[Tim]
>> Speaking of which, the current tzinfo API has no way to ask "is this
>> an ambiguous time?"
[Alexander Belopolsky]
> I was hoping that we would agree on the name of the flag before
> someone asks this question. :-)
You doubtless noted that I called it "first" near the end of my
message without putting up any stink at all ;-)
> With my proposal, a naive datetime t is ambiguous in timezone tz if
>
> tz.utcoffset(t) < tz.utcoffset(t.replace(first=False))
>
> or "is this an invalid (missing) time?"
Unless I'm missing your intent entirely, that's a fine illustration of
my "The logic is bound to be annoying enough that we'd want to
concentrate it in tzstrict". The problem I see is that the expression
you gave can never be true. The math is indeed trivial, but a key
part works "the opposite" of how even people who've thought a lot
about it "instinctively" believe.
Two cases:
1. t.first is False. Then the expression obviously returns false (the
LHS and RHS are applied to two datetimes all of whose components -
including .first - are the same, so both utcoffset()s return the same
value, and "<" is false because they're equal). But if t.first
(False) is telling the truth, t _is_ the later of two ambiguous times.

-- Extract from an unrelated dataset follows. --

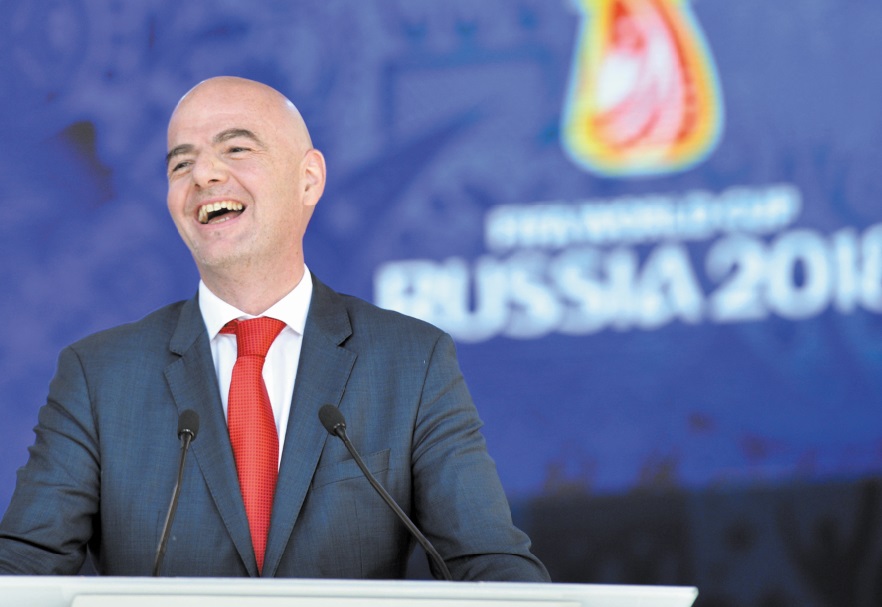 ​Infantino joue sa première Coupe du monde  et son avenir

So we wanted an expression that returned true in that subcase. The
result is correct only when t.first being False is lying (i.e., when t
is not the later of two ambiguous times, but t.first is False despite
that).
2. t.first is True.
2a. And t is not an ambiguous time. Then I expect the two
utcoffset()s return the same value, and the expression correctly
returns False
2b. And t is an ambiguous time. Then t is the earlier of the two
times (that's what t.first is True means in this case) , and the
constructed datetime is the later. Obviously the earlier time should
compare less than the later time, but that's not what's being
compared. The offsets _from_ UTC are being compared, and it's the
earlier time that has the _greater_ offset (that's the part 90% of
people "instinctively" get backwards). So again the expression
returns False incorrectly (although would be correct in this case if
">" were used instead - but then 90% of people would instinctively
think the logic is backwards).
So in all cases the expression computes False - unless I'm missing
your intent entirely (in which case I trust you won't be shy about
enlightening me :-) ).
Why do people get this backwards? I've pondered that off & on for a
long time. I think it goes like this: at a given UTC time u, then,
say, u+1 is obviously an earlier time than u+2. So the greater the
offset the later the time. That's intuitively obvious. What it
wholly misses is that it's got nothing to do with what we're _trying_
to ask ;-)
We're trying to ask about how times act on a non-UTC clock. In the
bogus reasoning, u+1 and u+2 look an hour apart on the UTC clock, so
are irrelevant to the real question. When looking at a non-UTC clock,
the offsets have to be _subtracted_ from that clock's idea of time to
determine corresponding UTC time, and it's the negation that reverses
the sense of the comparison needed. For an ambiguous local time T:
offset1 < offset2 # if and only if (negate, which also reverses
the direction of comparison)
- offset1 > - offset2 # if and only if (add T to both sides)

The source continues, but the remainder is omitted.